La batalla de las ideas
La campaña electoral que lentamente se configura está cargada de distracciones y falsas dicotomías. Cada día se elaboran nuevas teorías sobre la polarización que vive el país. Nos dicen que esta elección será una disputa entre corruptos y no corruptos, entre amigos y enemigos de la paz, entre el presidente y el ex-presidente. No obstante, pocos caen en cuenta de que lo que está en juego va mucho más allá de una disputa de adjetivos y personalidades.
El daño que han sufrido nuestras instituciones en los últimos años es evidente. No en vano, la corrupción y la mezquindad política han calado con firmeza en el sistema, diezmando la confianza en el mismo. Máxime cuando nadie asume una responsabilidad política por sus errores o los de sus recomendados y avalados. Hoy, pocos creen en los partidos políticos mientras claman con zozobra por nuevos liderazgos. De esta manera, se configura el ambiente ideal para que demagogos, caudillos y falsos mesías obtengan una ventaja política.
En este sentido, el resultado de la futura elección dependerá de nuestra capacidad para distinguir entre quienes buscarán sostener y recomponer la institucionalidad del país y quienes pescarán en río revuelto para sacar provecho de la indignación colectiva y de la baja legitimidad de las instituciones. Así, debemos comprender que la verdadera disputa será entre quienes propondrán cambiar las reglas del juego y quienes las defenderán.

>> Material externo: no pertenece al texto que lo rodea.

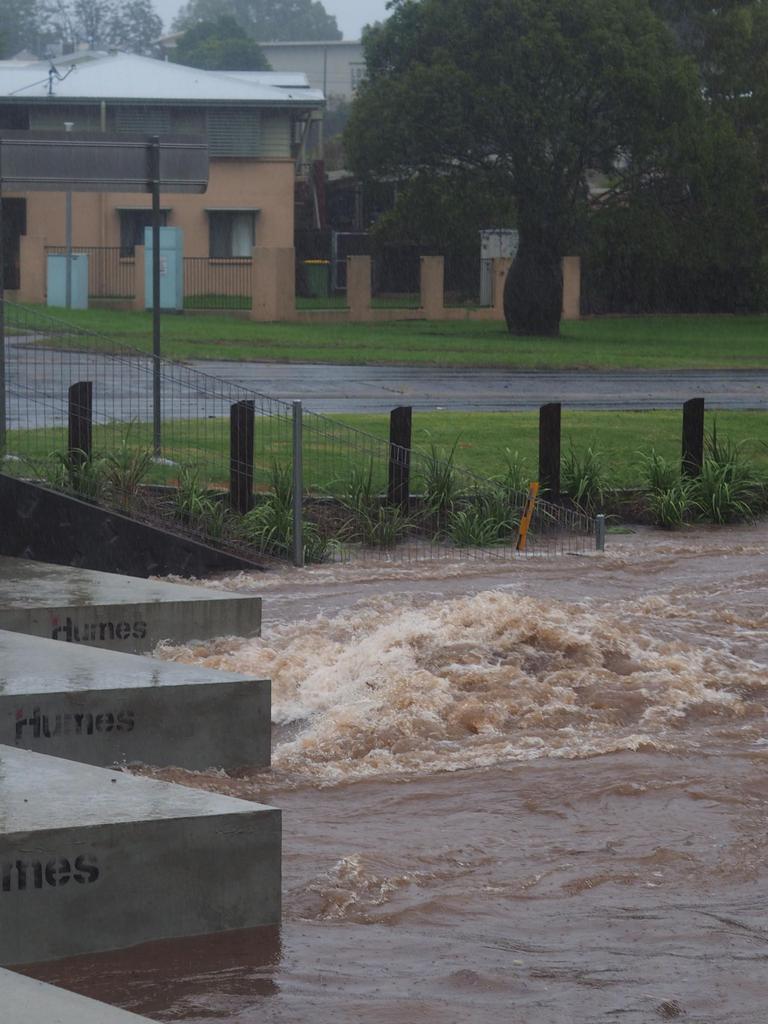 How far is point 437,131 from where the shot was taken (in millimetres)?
37906

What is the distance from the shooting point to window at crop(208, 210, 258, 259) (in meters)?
51.7

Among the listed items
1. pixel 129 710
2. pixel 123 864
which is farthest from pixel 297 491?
pixel 123 864

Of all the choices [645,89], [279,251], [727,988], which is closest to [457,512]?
[727,988]

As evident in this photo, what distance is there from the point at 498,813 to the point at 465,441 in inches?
415

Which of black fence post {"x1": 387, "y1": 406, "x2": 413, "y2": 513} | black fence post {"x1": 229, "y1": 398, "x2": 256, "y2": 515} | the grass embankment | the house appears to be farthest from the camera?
the house

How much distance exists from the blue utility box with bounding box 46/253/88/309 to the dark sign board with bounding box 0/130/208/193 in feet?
91.4

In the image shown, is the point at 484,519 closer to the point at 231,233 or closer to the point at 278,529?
the point at 278,529

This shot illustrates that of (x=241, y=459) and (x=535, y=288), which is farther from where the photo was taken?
(x=535, y=288)

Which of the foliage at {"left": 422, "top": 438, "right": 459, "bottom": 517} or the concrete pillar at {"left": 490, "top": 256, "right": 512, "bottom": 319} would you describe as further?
the concrete pillar at {"left": 490, "top": 256, "right": 512, "bottom": 319}

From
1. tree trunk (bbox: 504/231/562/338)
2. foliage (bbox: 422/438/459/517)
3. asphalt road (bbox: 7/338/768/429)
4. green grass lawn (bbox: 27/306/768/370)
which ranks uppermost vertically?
tree trunk (bbox: 504/231/562/338)

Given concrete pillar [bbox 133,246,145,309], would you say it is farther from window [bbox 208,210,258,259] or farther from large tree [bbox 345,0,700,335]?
window [bbox 208,210,258,259]

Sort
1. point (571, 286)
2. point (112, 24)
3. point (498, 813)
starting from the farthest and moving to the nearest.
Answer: point (112, 24)
point (571, 286)
point (498, 813)

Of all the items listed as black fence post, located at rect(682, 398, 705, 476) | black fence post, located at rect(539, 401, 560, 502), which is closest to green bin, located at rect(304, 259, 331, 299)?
black fence post, located at rect(682, 398, 705, 476)

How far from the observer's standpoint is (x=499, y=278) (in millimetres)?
46031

No será difícil identificar a los demagogos. Poco a poco revelarán sus preferencias. Su retórica será la de la destrucción, bálsamo para una sociedad que se regocija en el fracaso. “Acabar”, “renunciar a”, “derogar” y “desmantelar” serán sus verbos de cabecera. Sus propuestas e ideas —si es que las formulan concretamente— no distarán de las que llevaron a la debacle al vecino país. Propuestas e ideas que, de ser aplicadas, costarían cien veces más, en términos de bienestar sacrificado, que la corrupción que prometerán combatir.
Ahora bien, nos veremos tentados a subestimarlos. Frente al nuevo partido, algunos preguntarán “¿quién sería capaz de aliarse con o de apoyar al partido de la antigua guerrilla?”. Sin embargo, de congraciarse con la tiranía cubana y callar, a guisa de cómplice, ante la tragedia venezolana a admirar a los miembros del secretariado hay un trecho ideológico —y moral— muy corto. Peor aún, no sorprenderá el hecho de que la impotencia lleve a muchos, a pesar de sus diferencias políticas, a apoyar al nuevo partido y a sus pares ideológicos. Así, de la confluencia de estas preferencias puede surgir una coalición que se presente como alternativa y satisfaga los impulsos de los indignados con promesas vacías y eufemismos de renovación y cambio.
En este sentido, el reto es mayúsculo. Nos concierne mantener el rumbo de las instituciones ante el advenimiento de los falsos mesías, los cuales apelarán a las pasiones para obtener réditos de la tormenta política que se cierne sobre el país. De esta manera, nos abocamos a una batalla de las ideas en la cual debemos estar preparados para contener a los demagogos con tesón y convencer a los incautos de que la frustración frente al establecimiento no nos puede obnubilar en esta empresa electoral, conduciéndonos a un cambio en las reglas del juego del que difícilmente se pueda dar vuelta atrás.